HMR3D: Hierarchical Multimodal Representation for 3D Scene Understanding with Large Vision-Language Model

TL;DR

This work tackles the challenge of extending vision-language reasoning to 3D scenes by enabling explicit input-level alignment between 3D data and large vision-language models. It translates 3D scenes into structured text descriptions and renders multi-view images, then fuses these with a hierarchical visual representation to provide both local and global context for reasoning. The approach, fine-tuned with LoRA on a pretrained Qwen-VL backbone, achieves state-of-the-art results on situated (SQA3D) and general (ScanQA) 3D Q&A benchmarks, outperforming prior latent-space alignment methods.

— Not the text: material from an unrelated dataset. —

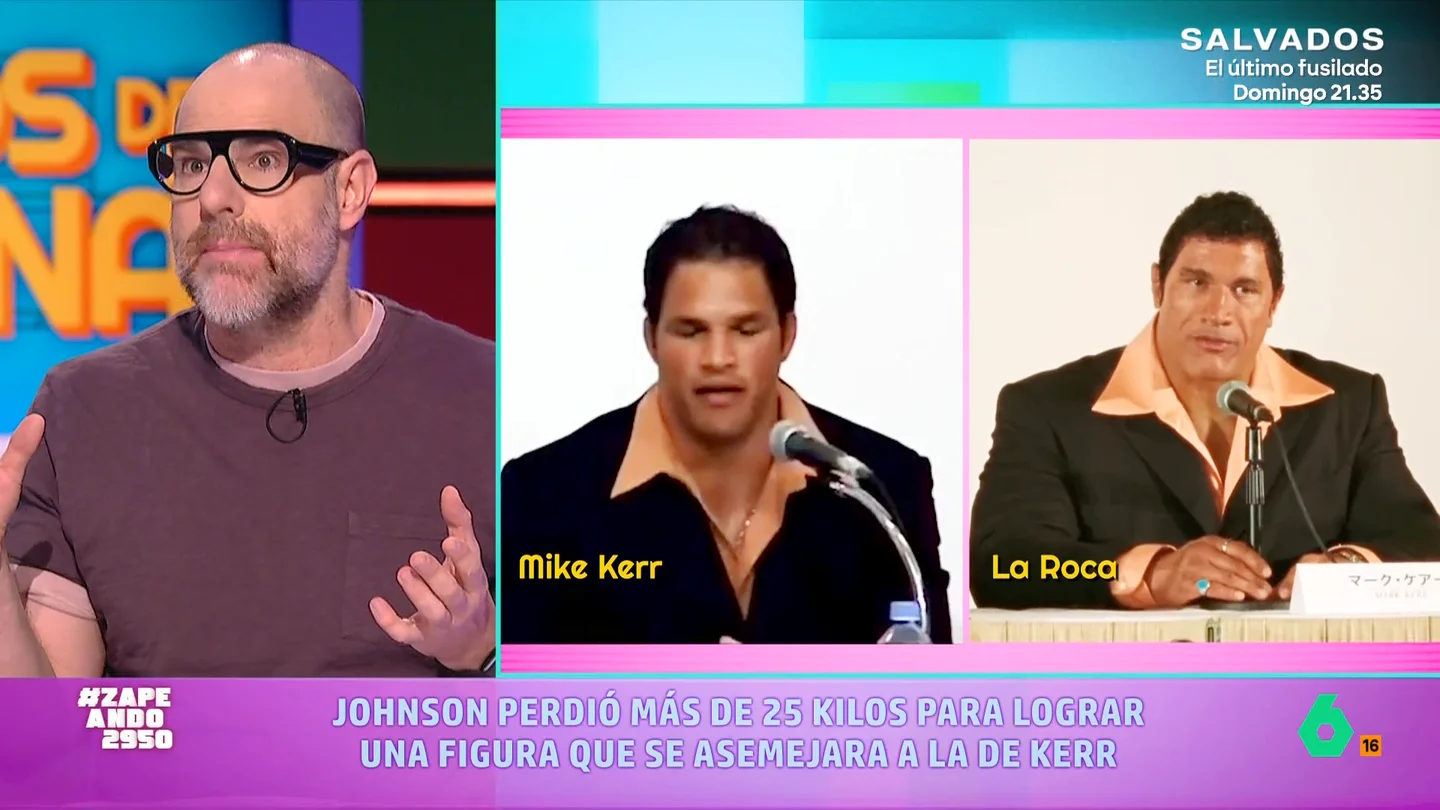 Alberto Rey, sobre 'The Smashing Machine', lo nuevo de Dwayne Johnson: "Es un drama puro y duro" 'La Roca' vuelve a la gran pantalla con una película que cuenta la historia del luchador de UFC Mark Kerr. Muchos ya consideran esta la mejor interpretación del actor e, incluso, que puede ser nominado al Oscar.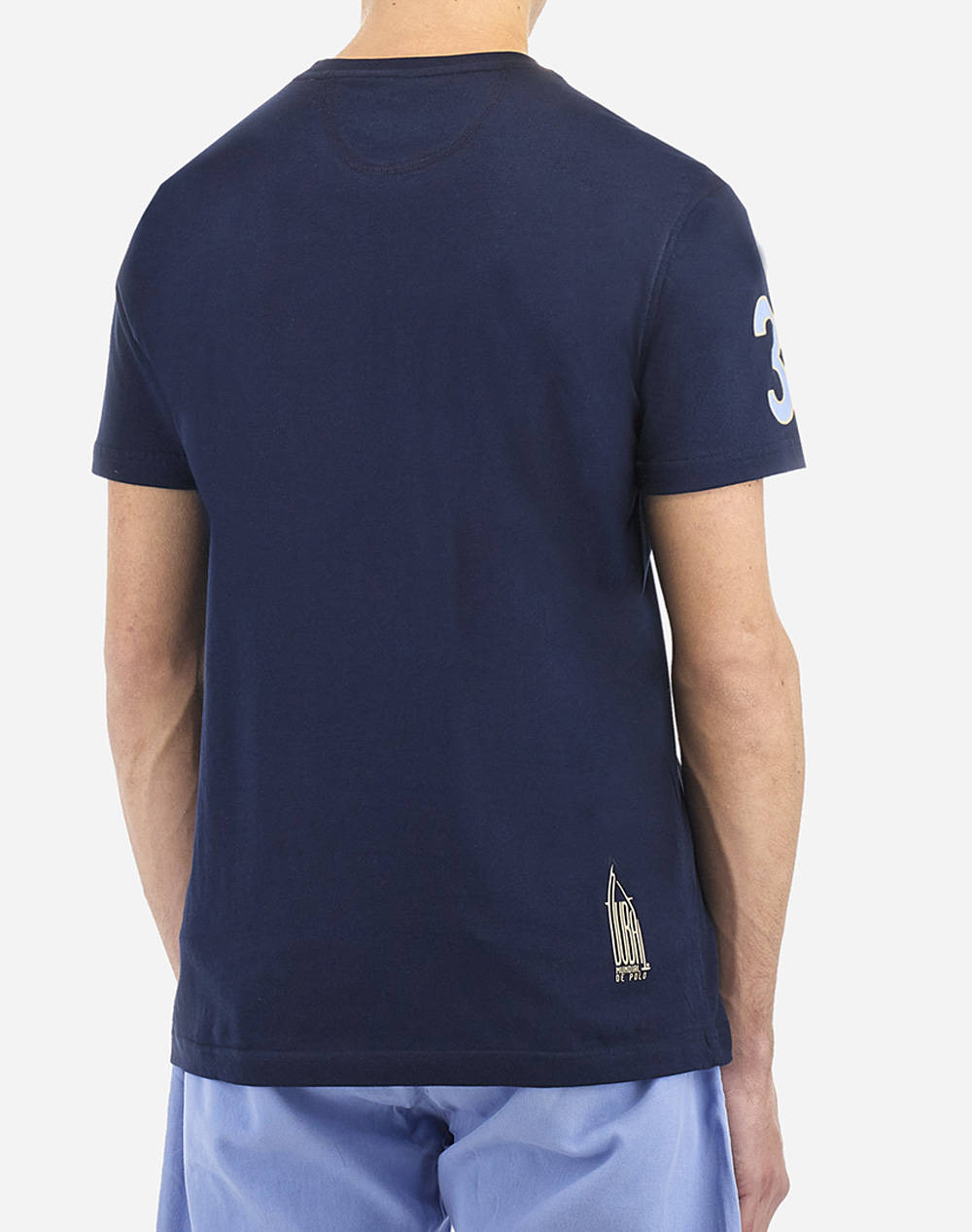LA MARTINA BLUZA T-SHIRT KM MAN T-SHIRT JERSEY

The findings underscore the value of explicit cross-modal grounding and multi-view aggregation for robust 3D scene understanding with VLMs, while acknowledging segmentation quality and complex spatial reasoning as areas for improvement.

Abstract

Recent advances in large vision-language models (VLMs) have shown significant promise for 3D scene understanding. Existing VLM-based approaches typically align 3D scene features with the VLM's embedding space. However, this implicit alignment often yields suboptimal performance due to the scarcity of 3D data and the inherent complexity of spatial relationships in 3D environments. To address these limitations, we propose a novel hierarchical multimodal representation for 3D scene reasoning that explicitly aligns with VLMs at the input space by leveraging both multi-view images and text descriptions. The text descriptions capture spatial relationships by referencing the 3D coordinates of detected objects, while the multi-view images include a top-down perspective and four directional views (forward, left, right, and backward), ensuring comprehensive scene coverage. Additionally, we introduce a hierarchical feature representation that aggregates patch-level image features into view-level and scene-level representations, enabling the model to reason over both local and global scene context. Experimental results on both situated 3D Q&A and general 3D Q&A benchmarks demonstrate the effectiveness of our approach.

Paper Structure

This paper contains 21 sections, 4 equations, 6 figures, 3 tables.

Figures (6)

  • Figure 1: Comparison of (a) conventional embedding space alignment, which maps 3D point cloud features into the VLM via feature extraction and projection, and (b) our proposed input space alignment, which converts the 3D scene into textual descriptions and multi-view rendered images before feeding them directly into the VLM.
  • Figure 2: Overview of our proposed pipeline, which consists of two main stages: (1) generation of structured text descriptions from the 3D scene and (2) multi-view image rendering with hierarchical visual feature extraction. Both the textual and visual information are jointly fed into model to generate the final answer.
  • Figure 3: An example of the rendered multi-view images, including a bird's-eye view and four top-down directions (forward, left, right, and backward) to ensures comprehensive spatial coverage of the 3D scene.
  • Figure 4: Prompt template for our model
  • Figure 5: Qualitative examples from SQA3D dataset. The red arrow indicates the agent's position and facing direction as referenced in the situational description.